(Caption-style text data)
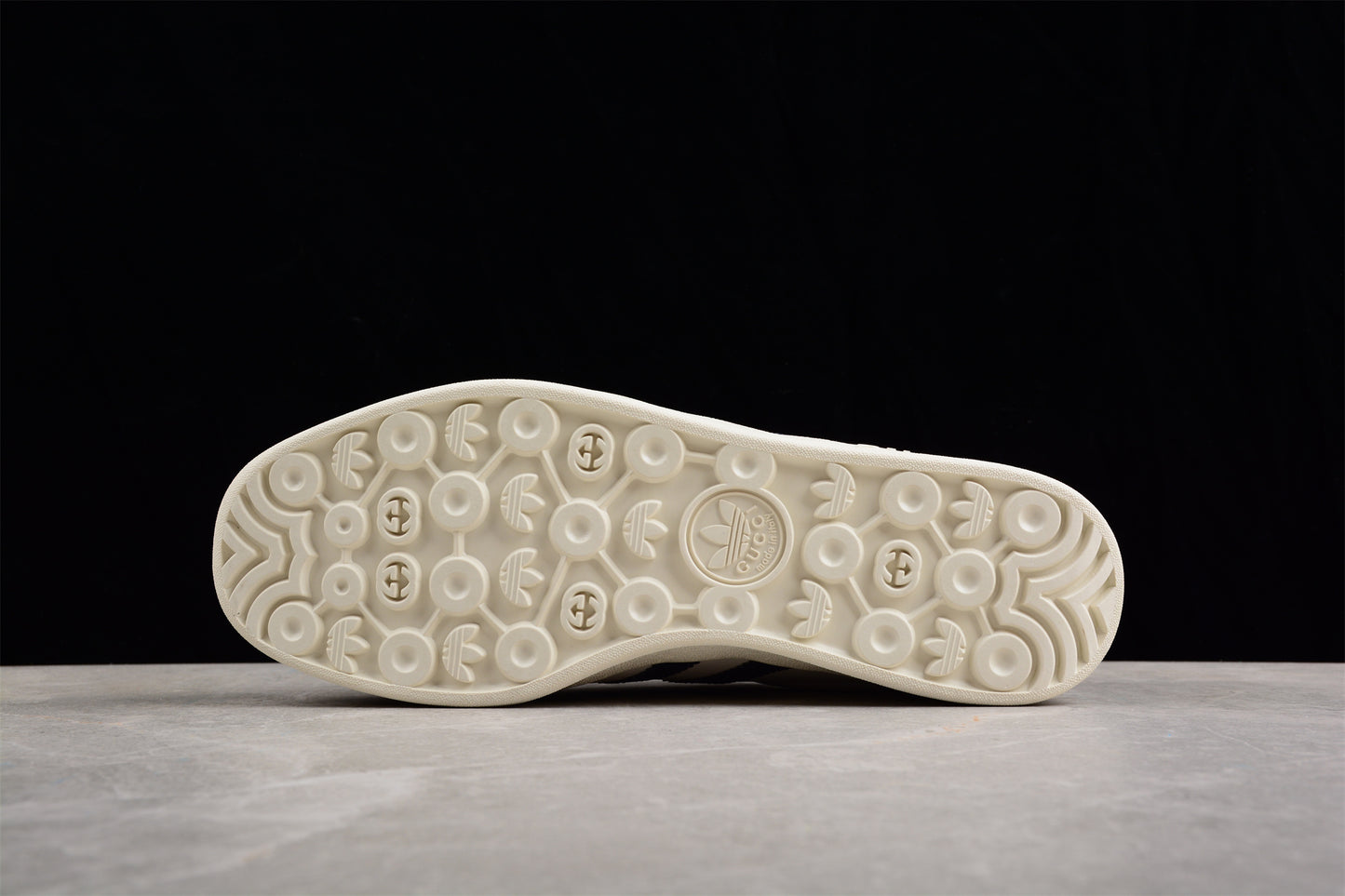 Ad Originals x Gucci Gazelle 707847
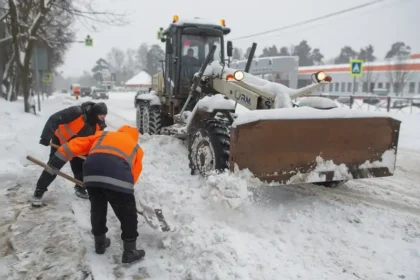 Снегопад в Наро-Фоминске: уборка снега усилена, жителей просят быть осторожнее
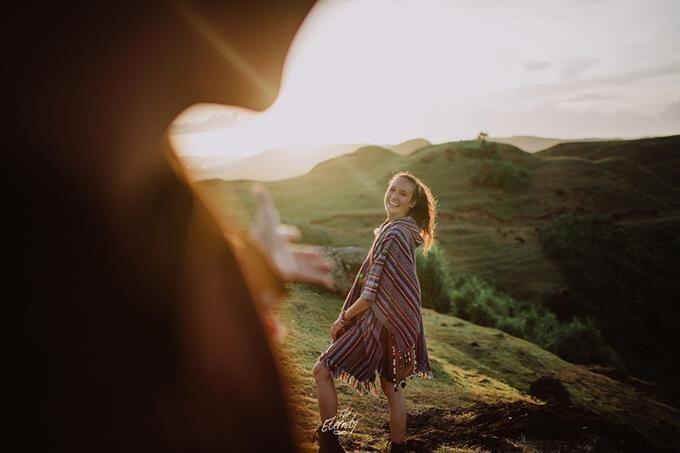 Bertema Traveling, 9 Potret Pre Wedding Dimas-Nadine Bikin Baper
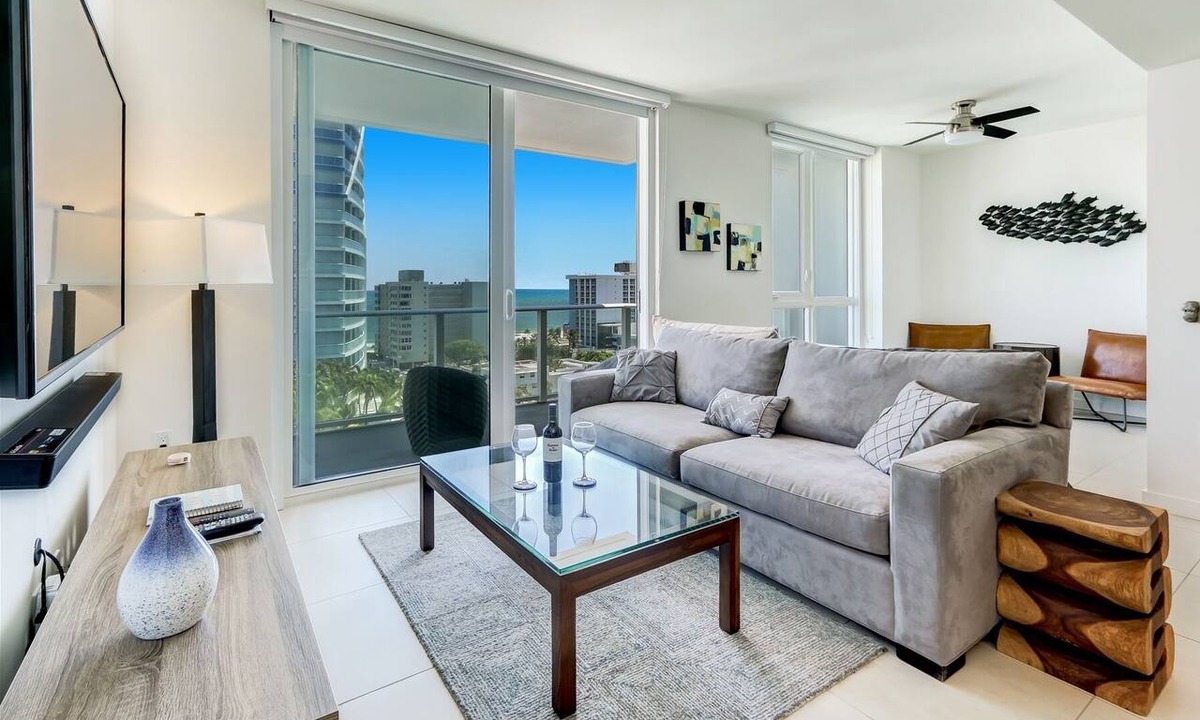 Central Beach Condo | FIFA Perfect | Tiffany Blanca:11th FL-Rooftop Pool-Gym-Walk to Beach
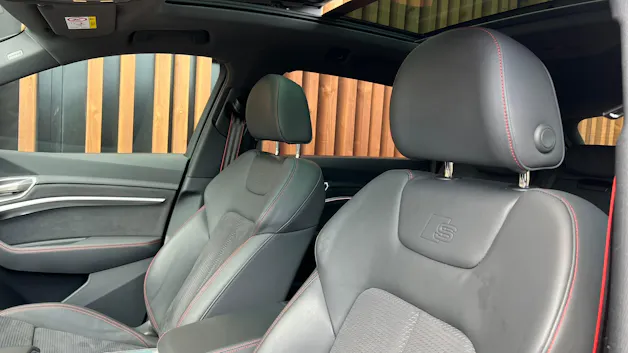 AUDI Q8 55 E-TRON S LINE BLACK EDITION QUATTRO l 408 PS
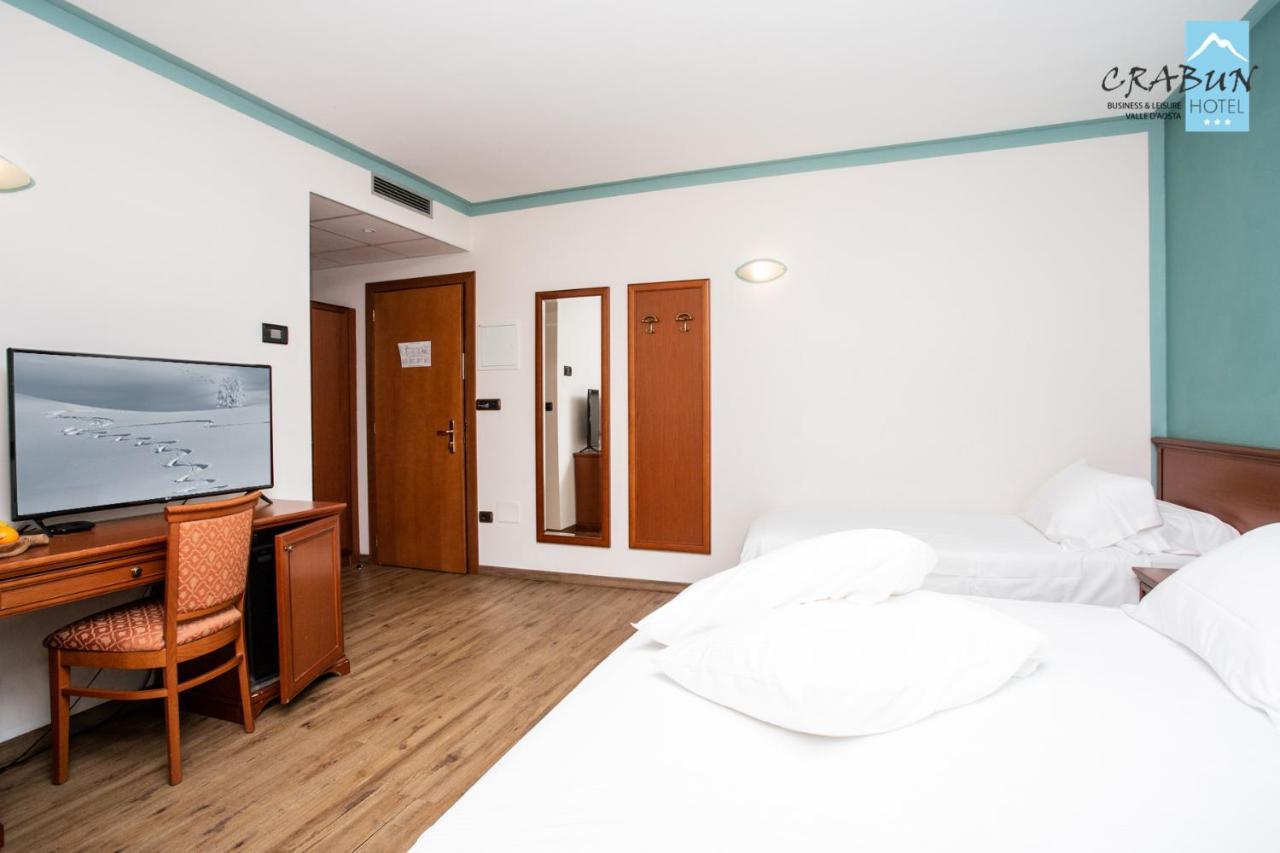 Crabun Hotel Пон-Сен-Мартен Экстерьер фото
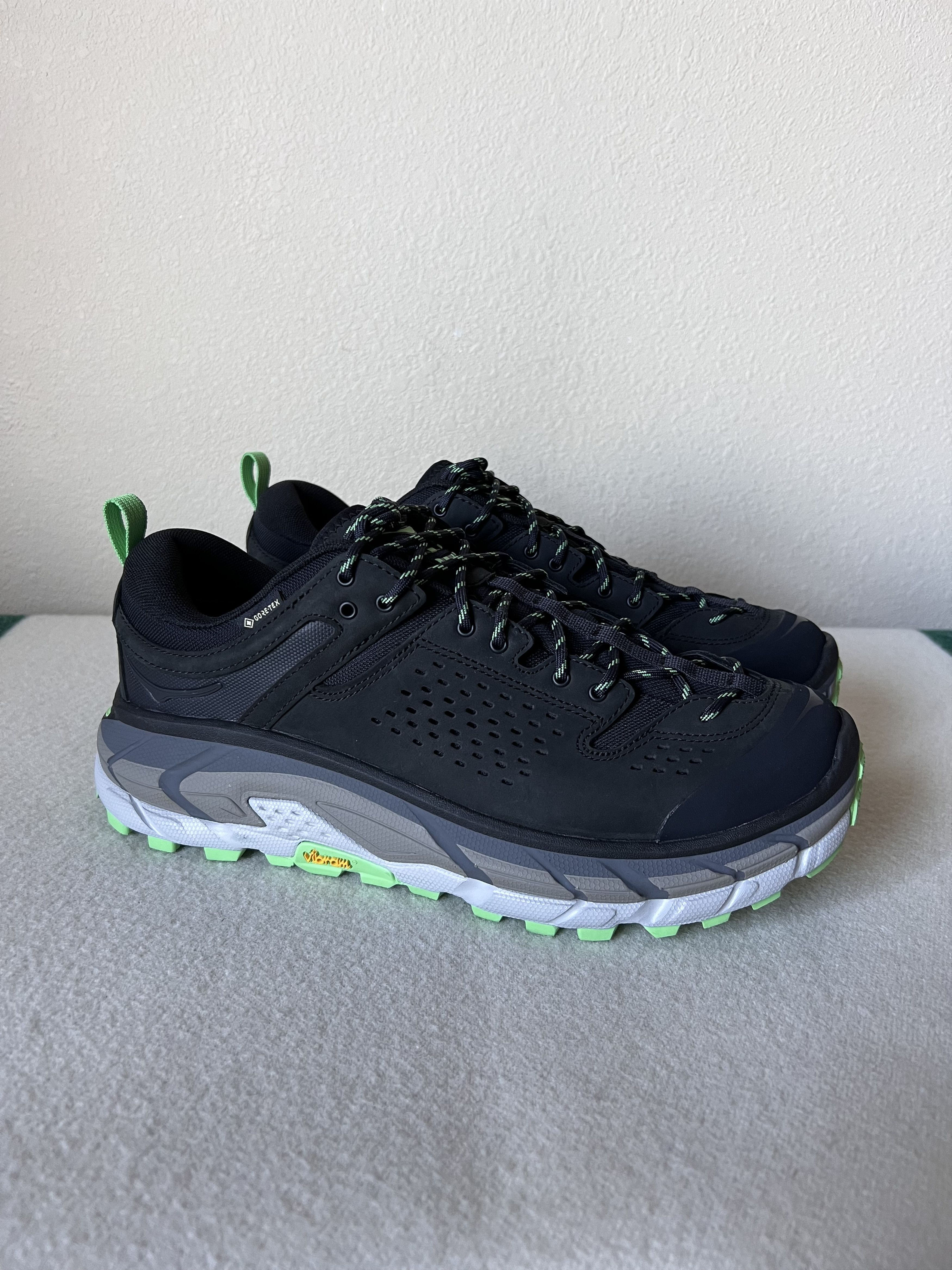 Hoka Hoka One One Tor Ultra Low in Black Zest Size US 11 / EU 44 - 1 Thumbnail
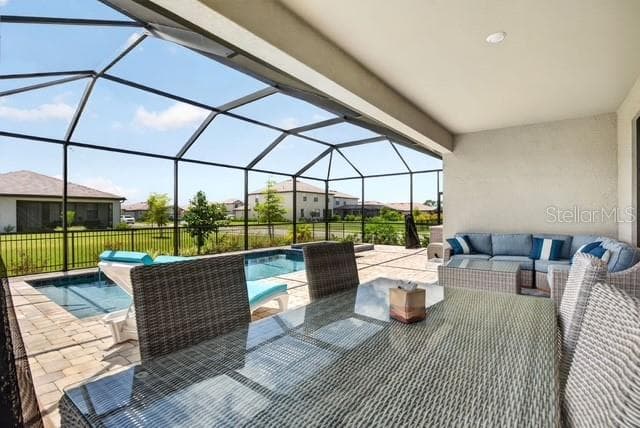 Covered outdoor area - 15104 OXFORD GREY DR, BRADENTON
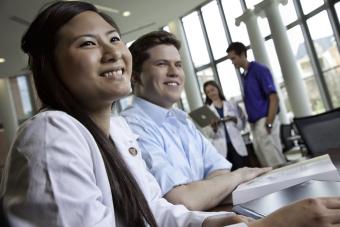 UVA School of Medicine students in the learning lab.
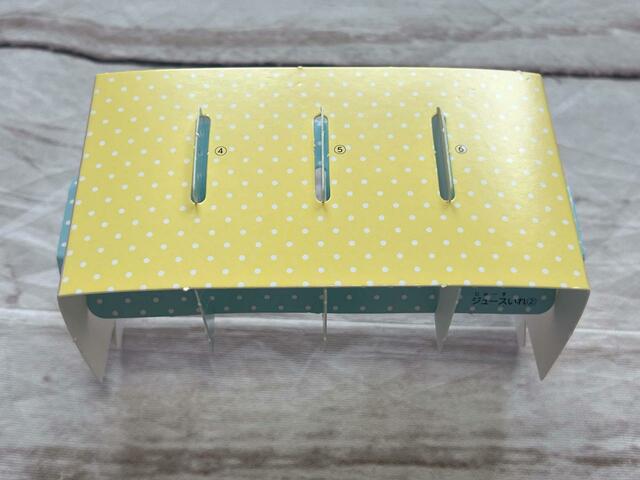 【付録 ちいかわ自動販売機】ジュース入れを組み立てます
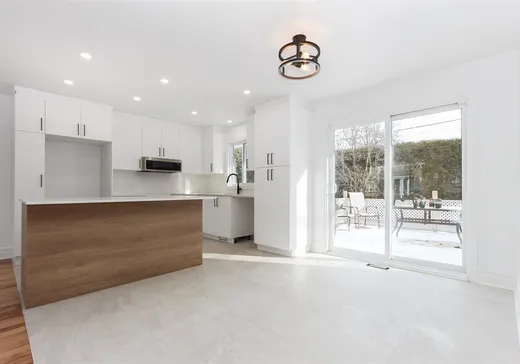 Maison à vendre - 915 Rue Desmarchais, Laval (Fabreville), H7R 4T1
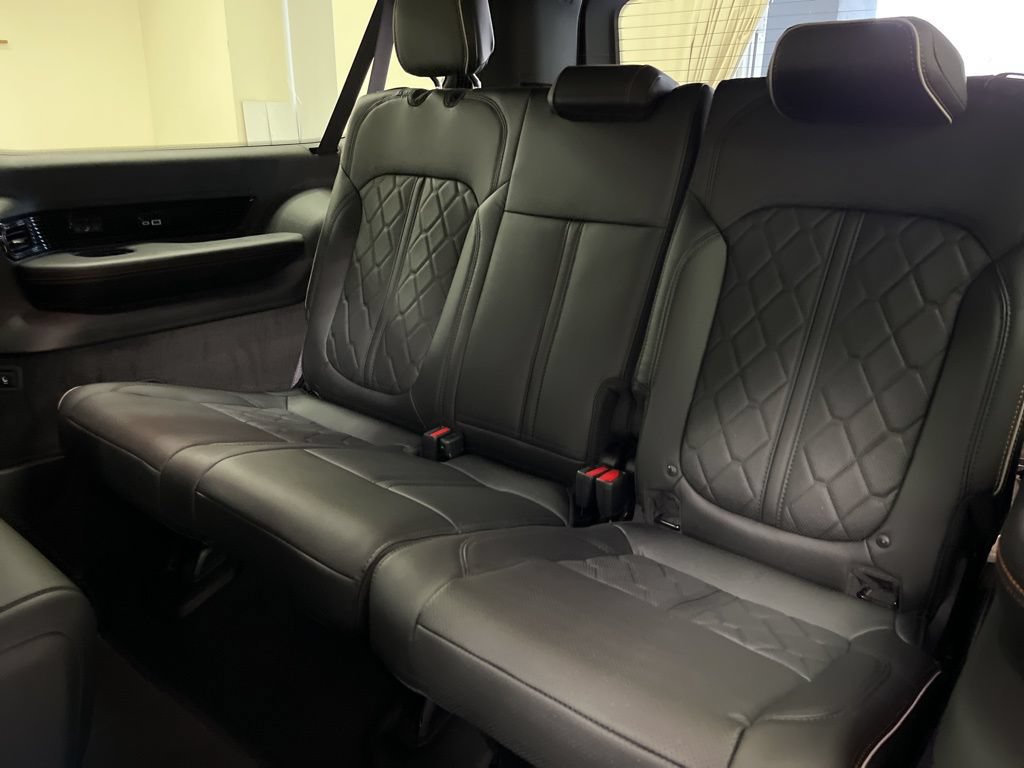 New 2024 Jeep Grand Wagoneer L Series III AWD/4WD image 12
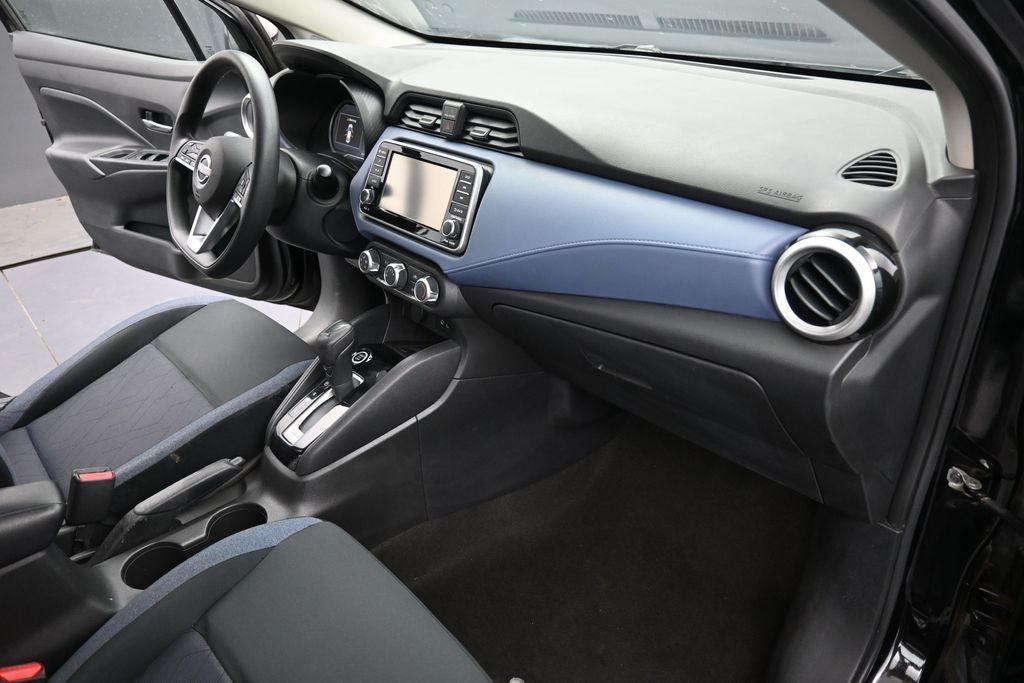 2023 Nissan Versa 1.6 SV
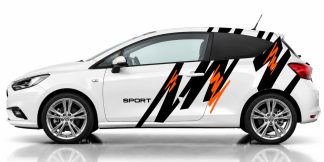Autotattoo in Schwarz und Orange auf einem weißen Opel Corsa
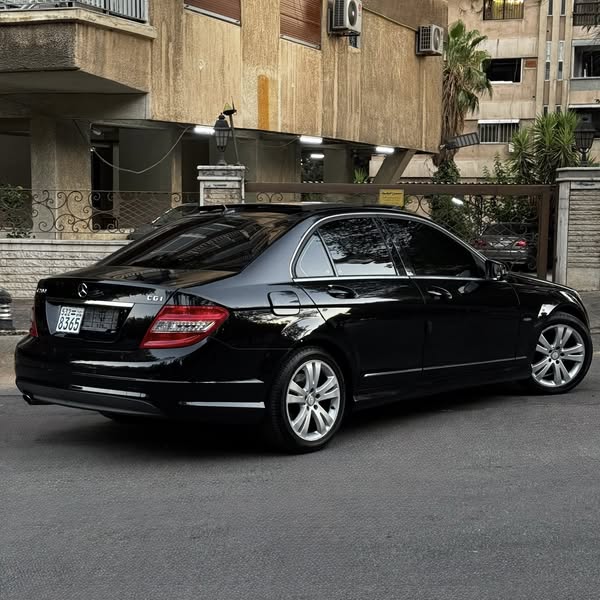 مرسيدس-بنز C200 2011 - صورة 4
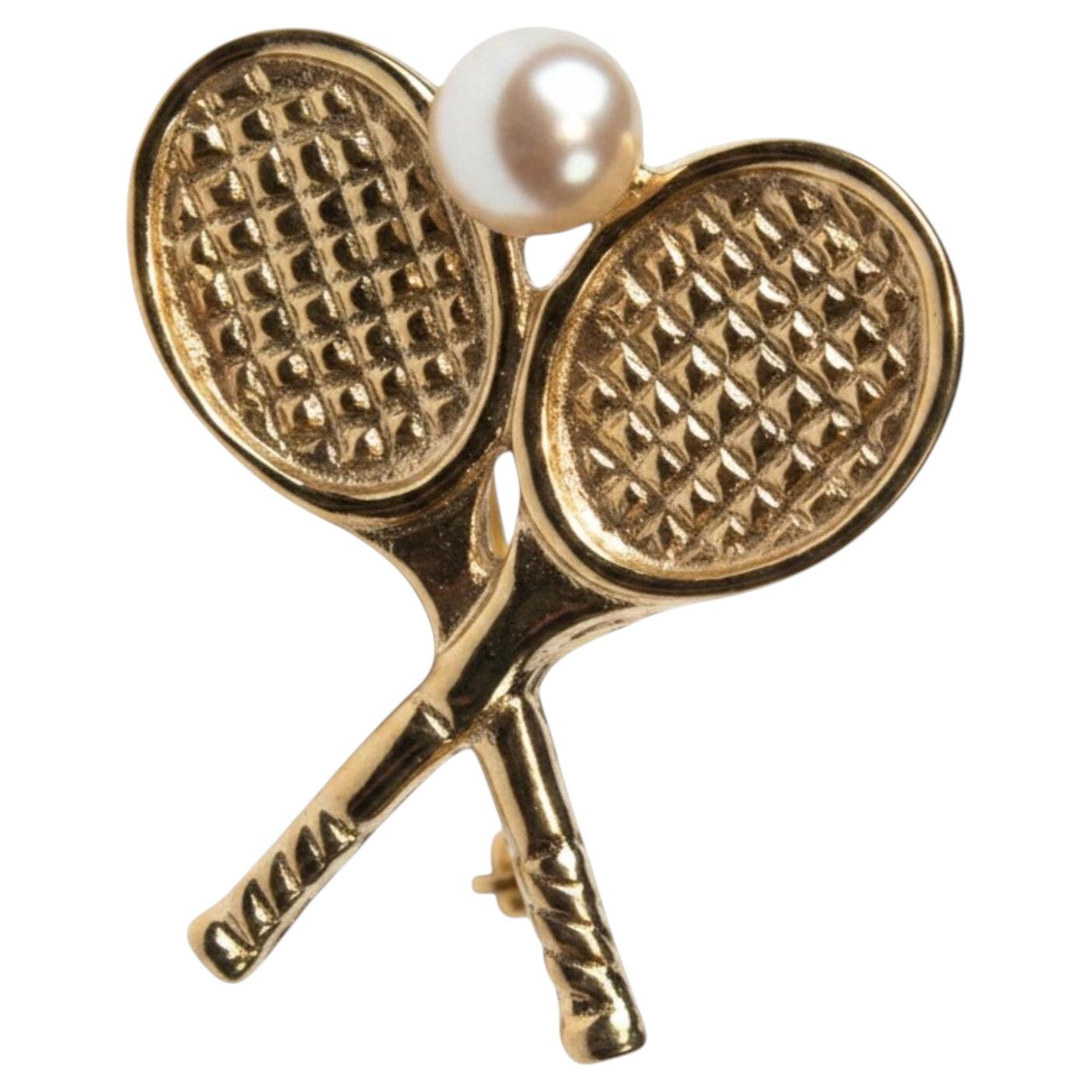 Alfiler de raqueta de tenis Tiffany & Co. de oro amarillo de 14 quilates con perlas cultivadas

» **EXERCISE GOAL**
Reproduce the lines of the data that run from the one containing "UVA School of" to the final line, both included, exactly as they appear and without the pictures.

» **RESPONSE TO THE TASK**
 UVA School of Medicine students in the learning lab.
 【付録 ちいかわ自動販売機】ジュース入れを組み立てます
 Maison à vendre - 915 Rue Desmarchais, Laval (Fabreville), H7R 4T1
 New 2024 Jeep Grand Wagoneer L Series III AWD/4WD image 12
 2023 Nissan Versa 1.6 SV
Autotattoo in Schwarz und Orange auf einem weißen Opel Corsa
 مرسيدس-بنز C200 2011 - صورة 4
 Alfiler de raqueta de tenis Tiffany & Co. de oro amarillo de 14 quilates con perlas cultivadas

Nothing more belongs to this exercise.